There are certain moments in life that provide us with a thrilling moment. And I do mean a moment that lasts only a few minutes or even seconds.
I love the feeling of crawling into bed when I have just changed the sheets, or opened up a brand new package of them. I don’t know why it is so refreshing, but it is — and I savor that feeling when it happens.
Another pleasurable moment, especially during the winter months, is pulling the very warm bath towels out of the dryer to fold them. They cool quickly, but not before you get to sort of wrap yourself in their warmth.

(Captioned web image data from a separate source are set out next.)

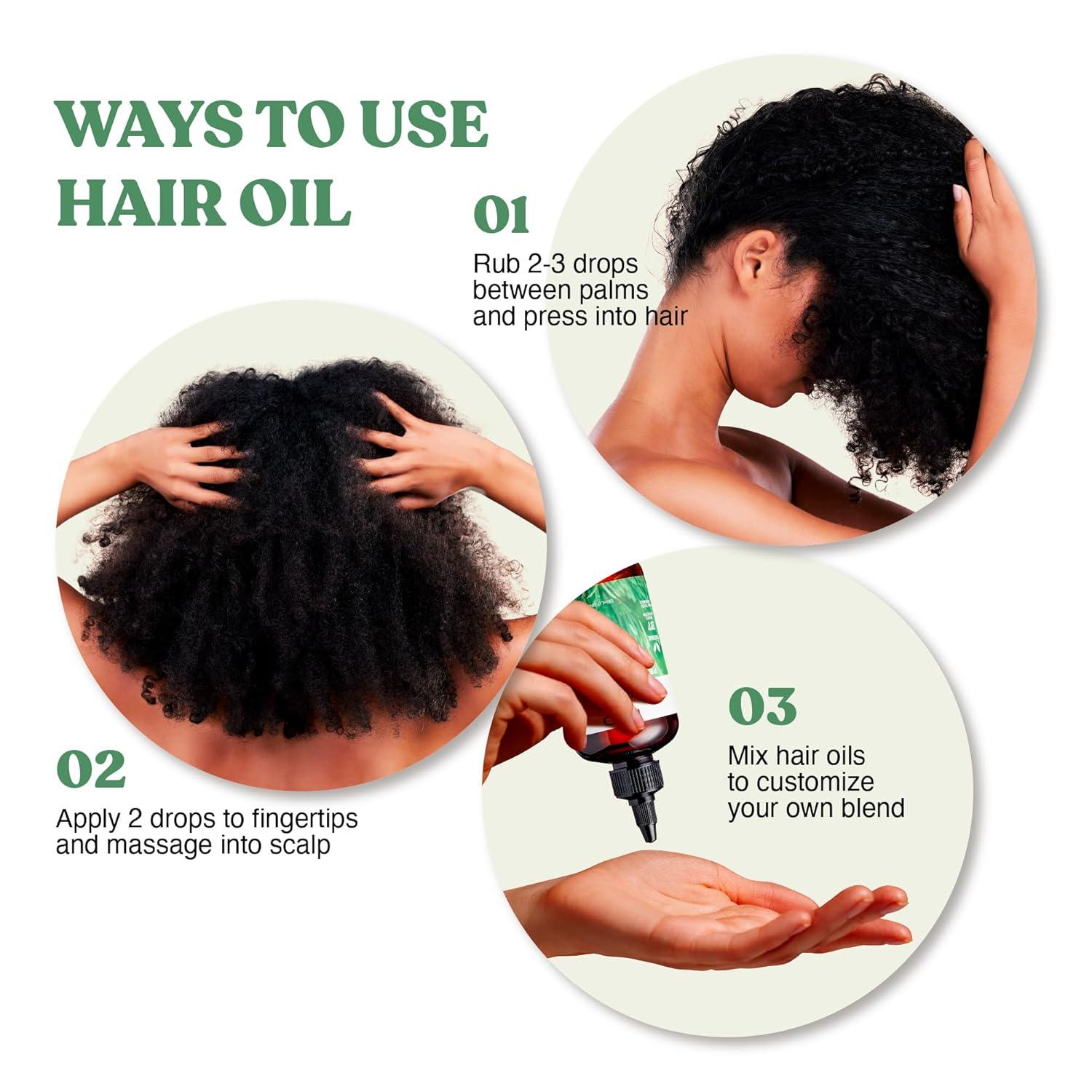 imageRed by Kiss Professional 999 Natural Hair Oil Organic Vegan Oil Blend for Hair Growth ampamp Refresh Biotin Infused Nourish ampamp Add Shine ampamp Smooth Rosemary ampamp Mint 25 Fl OzTea Tree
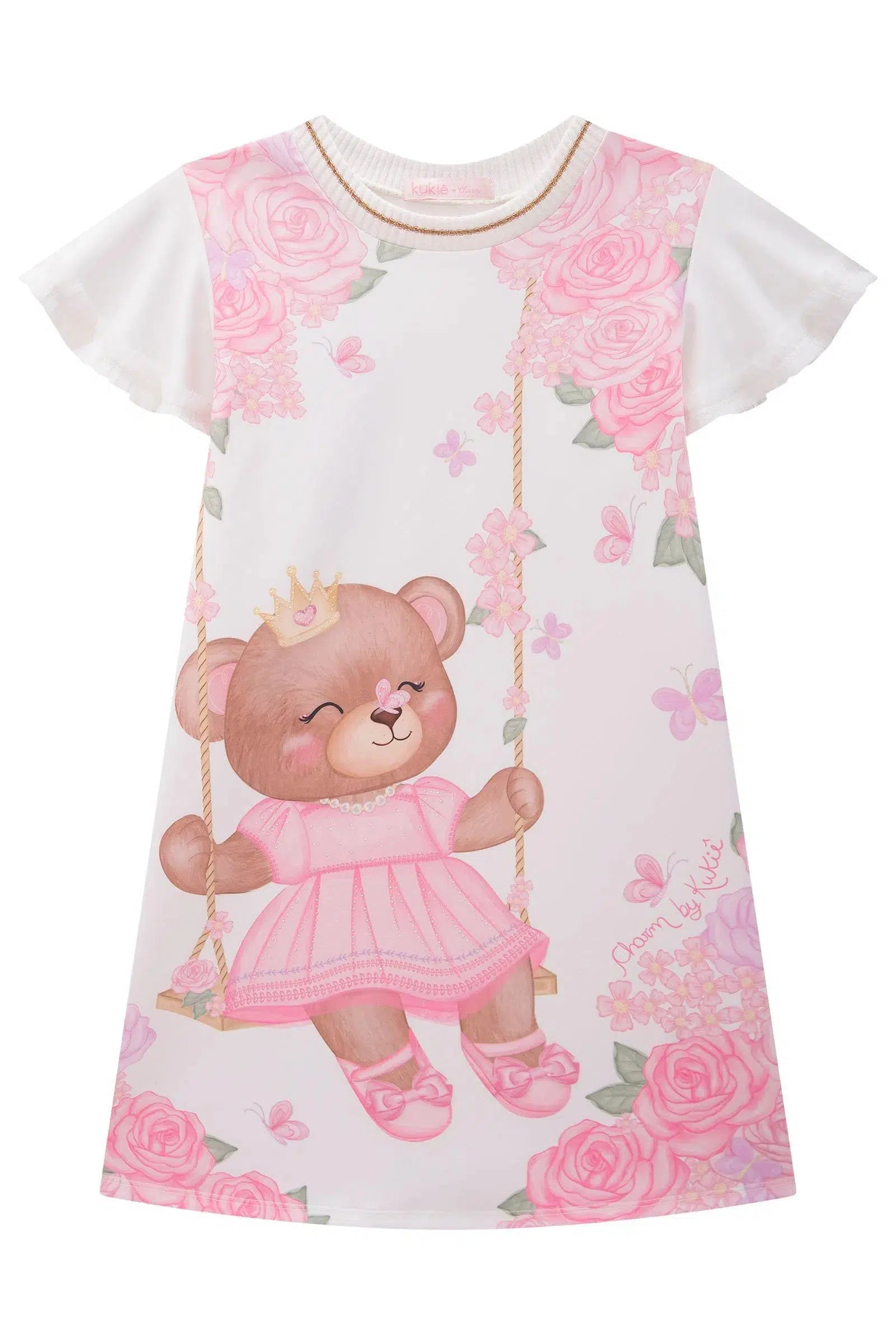 Vestido Infantil Menina em Fly Tech 81375 Kukiê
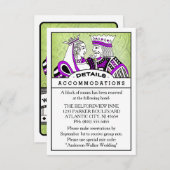 3.5x5 Details Information Card - King & Queen Begleitkarte (Vorne/Hinten)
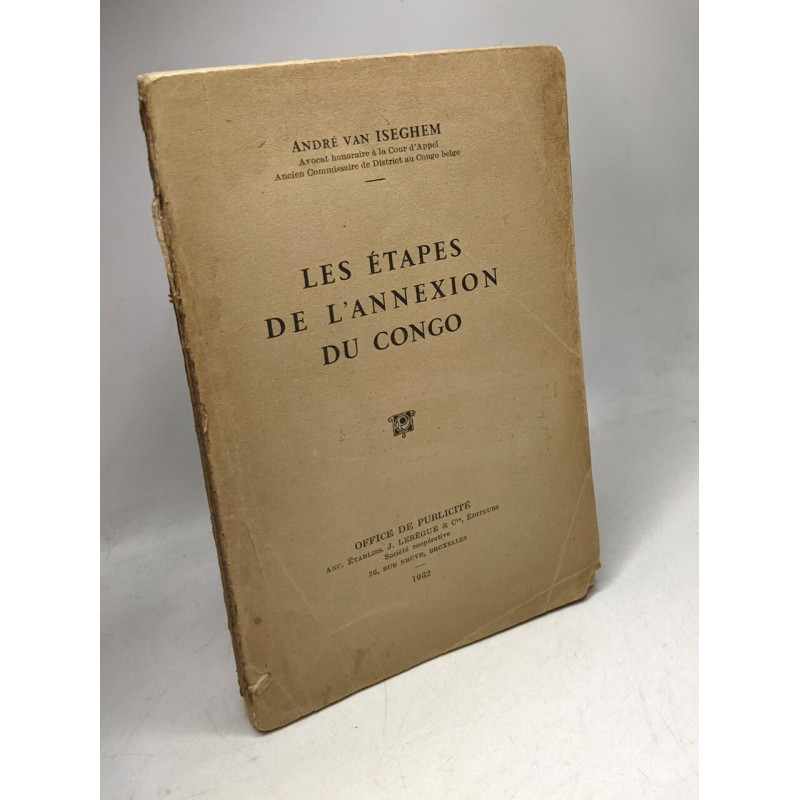 Les étapes de l'annexion du Congo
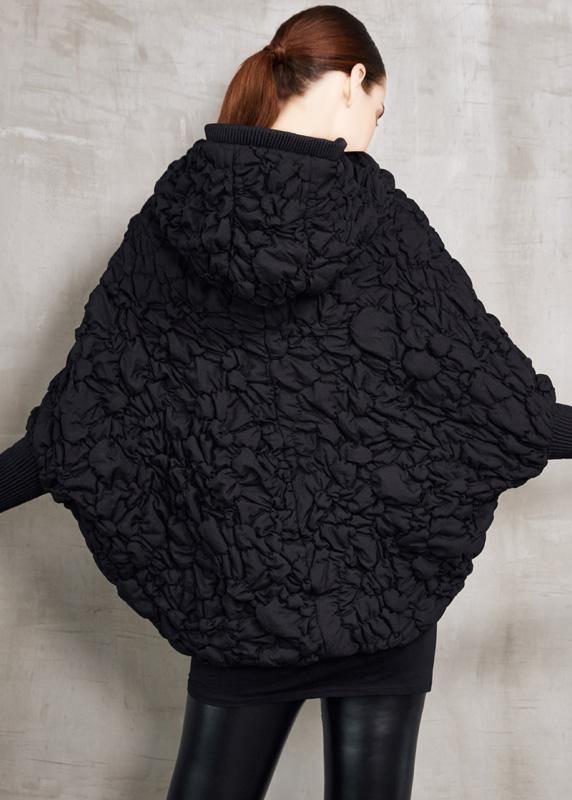 Clothing Winter Jacket Hooded Winter Outwear Blackzipppered Goose Down Coat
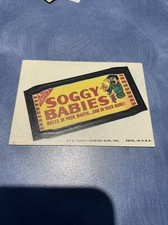 1974 Topps Wacky Packages Series 7th Series SOGGY BABIES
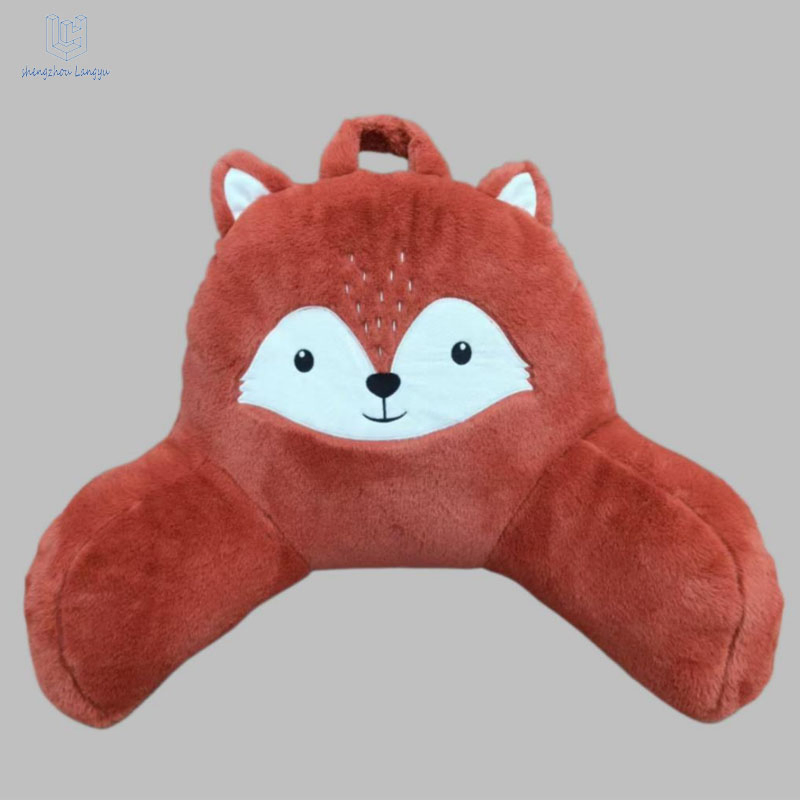 Wholesale Langyu Cute Animal Shape Plush Lumbar Pillow/Neck Pillow for Home & Office Adorable Animal Plush Lumbar Cushion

I vividly remember those days when you got regular haircuts. Some of you men might remember that after the initial haircut the barber would lather up your neck with warm soap and shave the back of your neck with a straight razor. He’d follow up with a warm, damp towel to get the soap off and finally rub his hands together containing some kind of smelly substance that stung at first and then settled into a genuine tingle.
When you walked outside, the breeze felt good against your skin. Within minutes it was all gone.
I relish eating that first cookie off the tray when you pull it from the oven.
I love finding a really burnt potato chip in the bag. Yummy!
And, once a year, I get to celebrate the coming of a new year.
I love that.
I’m usually tired of the old year and whatever sorrowful moments it brought me. Last year it was the unexpected loss of my wife, Eileen.
But I’ve always looked forward to getting a brand new year. I don’t generally make New Year’s resolutions, at least serious ones, like a promise to jog or even ride my bike before the tires rot away.
Just writing “2017” on that first check is fun.
None of us knows what any new year will bring. What it does bring, especially for me, is renewed hope for myself and everyone I know.
My optimism doesn’t last long. But for that fleeting moment, like the feeling you get from the warm towel from the dryer, all is right with the world.